Mark Zuckerberg flexes that Meta’s cluster of Nvidia H100 chips is bigger than the competition’s
Mark Zuckerberg said Meta’s Llama 4 AI models were training on a GPU cluster “bigger than anything that I’ve seen reported for what others are doing.”
Elon Musk has talked up his AI startup’s huge inventory of in-demand Nvidia chips. Now it’s Mark Zuckerberg’s turn to flex.
A lot of computing power is going into training Meta’s forthcoming Llama 4 artificial-intelligence models — more than anything offered by the competition, Zuckerberg said.
During Meta’s third-quarter earnings call Wednesday, the Meta CEO said Llama 4 was “well into its development” and being trained on a cluster of graphics processing units bigger than that of its rivals.
“We’re training the Llama 4 models on a cluster that is bigger than 100,000 H100s, or bigger than anything that I’ve seen reported for what others are doing,” he said.
That 100,000 number may refer to Musk’s AI startup, xAI, which launched its Colossus supercomputer in the summer. The Tesla CEO has called it the “most powerful AI training system in the world” and said xAI was using 100,000 of Nvidia’s H100 GPUs to train its Grok chatbot.

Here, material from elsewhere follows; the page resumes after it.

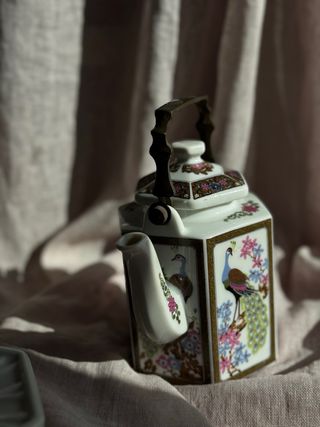 Tetera Vintage Porcelana Japonesa Pavos Reales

Nvidia’s H100 chip, also known as Hopper, is highly sought after by tech giants and AI startups for computing power and to train large language models. It costs an estimated $30,000 to $40,000 a chip.
The number of H100s that a company has amassed has factored into hiring top AI talent. Perplexity CEO Aravind Srinivas said in a podcast interview that the topic came up when he tried to poach someone from Meta.

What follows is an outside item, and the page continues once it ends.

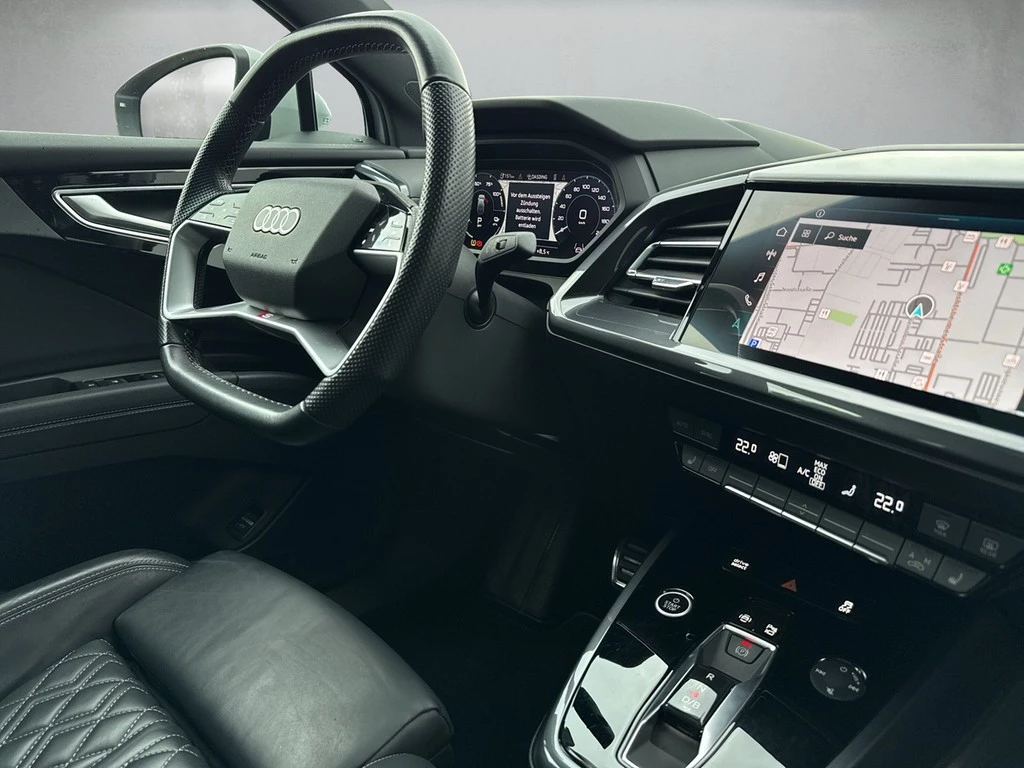 Audi Q4 e-tron 50 quattro *S line*SOH93%*Matrix*Pano*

“I tried to hire a very senior researcher from Meta, and you know what they said? ‘Come back to me when you have 10,000 H100 GPUs,'” Srinivas said in March.
Meta released its Llama 3 models in April and July. Zuckerberg added in the earnings call Wednesday that Meta’s Llama 4 models would have “new modalities, capabilities, stronger reasoning” and be “much faster.” The smaller models will probably be ready to launch soon, likely in early 2025, he said.
Asked about Meta’s big spending on AI, Zuckerberg said the company was building out its AI infrastructure faster than expected and that he’s “happy the team is executing well on that,” even if it means higher costs, which is “maybe not what investors want to hear.”
Meta expects its capital expenditures to continue to grow into next year as it scales up its AI infrastructure.
The Meta CEO didn’t say exactly how big the company’s H100 chip cluster was. Meanwhile, Musk said on X earlier this week that xAI would double its cluster size in the coming months to 200,000 H100 and H200 chips.